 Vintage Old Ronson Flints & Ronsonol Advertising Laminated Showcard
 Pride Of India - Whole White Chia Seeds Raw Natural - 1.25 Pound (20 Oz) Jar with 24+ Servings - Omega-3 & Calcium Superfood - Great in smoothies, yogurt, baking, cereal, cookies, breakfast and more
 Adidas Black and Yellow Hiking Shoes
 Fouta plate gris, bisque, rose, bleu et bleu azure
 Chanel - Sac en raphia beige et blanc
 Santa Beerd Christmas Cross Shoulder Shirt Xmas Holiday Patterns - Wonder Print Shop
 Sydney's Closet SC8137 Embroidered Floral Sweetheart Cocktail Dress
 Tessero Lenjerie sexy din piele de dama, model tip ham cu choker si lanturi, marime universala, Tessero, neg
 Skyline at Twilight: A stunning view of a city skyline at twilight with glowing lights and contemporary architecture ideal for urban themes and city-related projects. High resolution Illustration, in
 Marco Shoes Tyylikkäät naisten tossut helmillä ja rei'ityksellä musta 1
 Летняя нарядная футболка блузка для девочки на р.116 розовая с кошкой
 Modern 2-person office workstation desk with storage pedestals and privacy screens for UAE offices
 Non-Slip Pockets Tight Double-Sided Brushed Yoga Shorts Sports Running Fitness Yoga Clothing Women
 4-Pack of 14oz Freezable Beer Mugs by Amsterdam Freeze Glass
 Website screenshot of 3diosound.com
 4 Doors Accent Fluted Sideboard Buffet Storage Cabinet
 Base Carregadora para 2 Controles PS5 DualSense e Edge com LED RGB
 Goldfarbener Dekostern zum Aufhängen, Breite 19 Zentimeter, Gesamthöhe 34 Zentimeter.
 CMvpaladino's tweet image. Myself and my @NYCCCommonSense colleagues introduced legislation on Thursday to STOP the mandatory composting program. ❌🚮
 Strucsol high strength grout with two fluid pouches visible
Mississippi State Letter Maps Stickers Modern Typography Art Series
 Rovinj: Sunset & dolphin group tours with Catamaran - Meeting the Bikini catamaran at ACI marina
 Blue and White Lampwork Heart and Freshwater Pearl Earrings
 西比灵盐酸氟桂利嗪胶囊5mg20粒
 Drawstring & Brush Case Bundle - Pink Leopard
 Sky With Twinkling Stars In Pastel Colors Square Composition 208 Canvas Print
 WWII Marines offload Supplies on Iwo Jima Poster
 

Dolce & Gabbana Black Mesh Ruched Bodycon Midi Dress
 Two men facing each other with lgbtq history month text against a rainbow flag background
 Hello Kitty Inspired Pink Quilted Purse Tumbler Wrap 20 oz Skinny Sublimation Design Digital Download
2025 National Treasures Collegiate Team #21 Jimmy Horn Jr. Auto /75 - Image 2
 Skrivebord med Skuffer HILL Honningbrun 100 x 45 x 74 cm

→ **Your assignment**:
From the line holding "Skyline at Twilight: A" to the line holding "Летняя нарядная футболка", inclusive, restate each line above exactly as written.

→ **Result of the exercise**:
 Skyline at Twilight: A stunning view of a city skyline at twilight with glowing lights and contemporary architecture ideal for urban themes and city-related projects. High resolution Illustration, in
 Marco Shoes Tyylikkäät naisten tossut helmillä ja rei'ityksellä musta 1
 Летняя нарядная футболка блузка для девочки на р.116 розовая с кошкой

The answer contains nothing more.